Таким образом, кризис можно понимать как ситуацию необходимости выбора, в которой осуществляется последовательное движение от неосознанности, пассивности и безответственности выбора ко все более полной его осознанности, активной позиции и принятию ответственного решения. В качестве иллюстрации приведем пример из книги В. Шутса [27].

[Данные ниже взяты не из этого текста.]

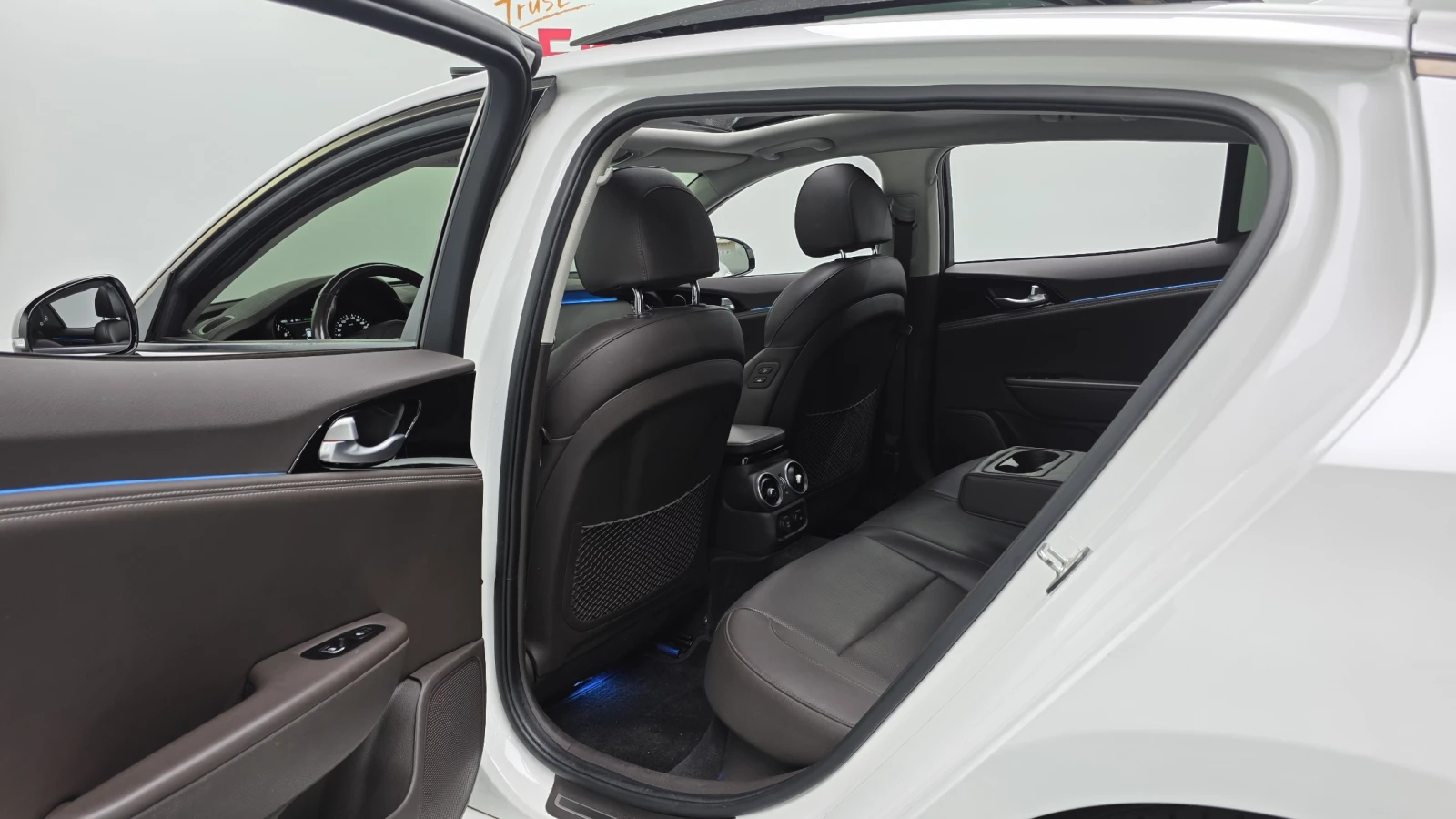 Kia Stinger 2.0T 2WD PLATINUM autogeorge.com | Mobile.bg � ����������� 15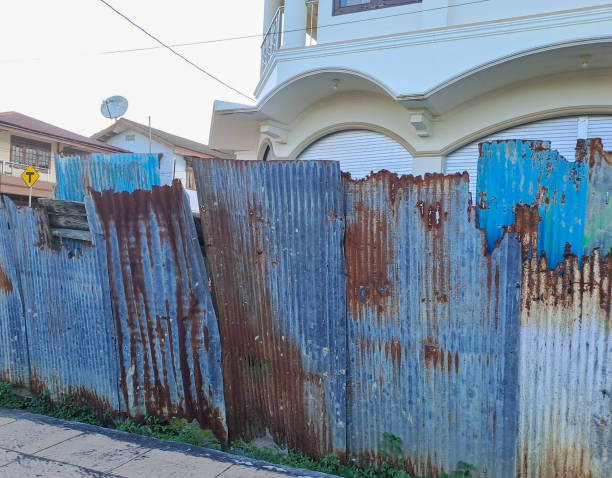 istock zinc fence. 1498315328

«Преждевременная смерть жены, матери трех их детей, ввергла Говарда в глубокую депрессию. Со времени ее смерти прошло уже два года, но Говард очень горевал. Он говорил, что очень глубоко переживает смерть жены и вряд ли сможет оправиться. По мере того как работа с Говардом продвигалась, стало ясно, что он испытывает глубокое чувство вины в связи с теми негативными чувствами, которые он испытывал к жене и решительно отвергал их существование. Как почти во всех случаях потери близкого человека. Реальные чувства Говарда были смесью печали, горечи утраты, гнева от того, что его оставили; возмущения от того, что придется растить детей одному, и облегчения вследствие освобождения от напряженных взаимоотношений. Когда он понял, что в этих чувствах нет ничего дурного, он захотел избавиться от своего чувства вины и исследовать те чувства, которые он реально испытывал по отношению к ней. В то время, пока он тратил энергию на сохранение лжи о том, что его чувства к ней всегда были позитивны, его жизненная энергия была минимальной. Он должен был отдать себе отчет в своих реальных чувствах и принять их для того, чтобы вернулась жизненная энергия. Когда это было завершено, глаза его заблестели, дыхание углубилось и он стал выглядеть так, как если бы с него сняли огромный груз».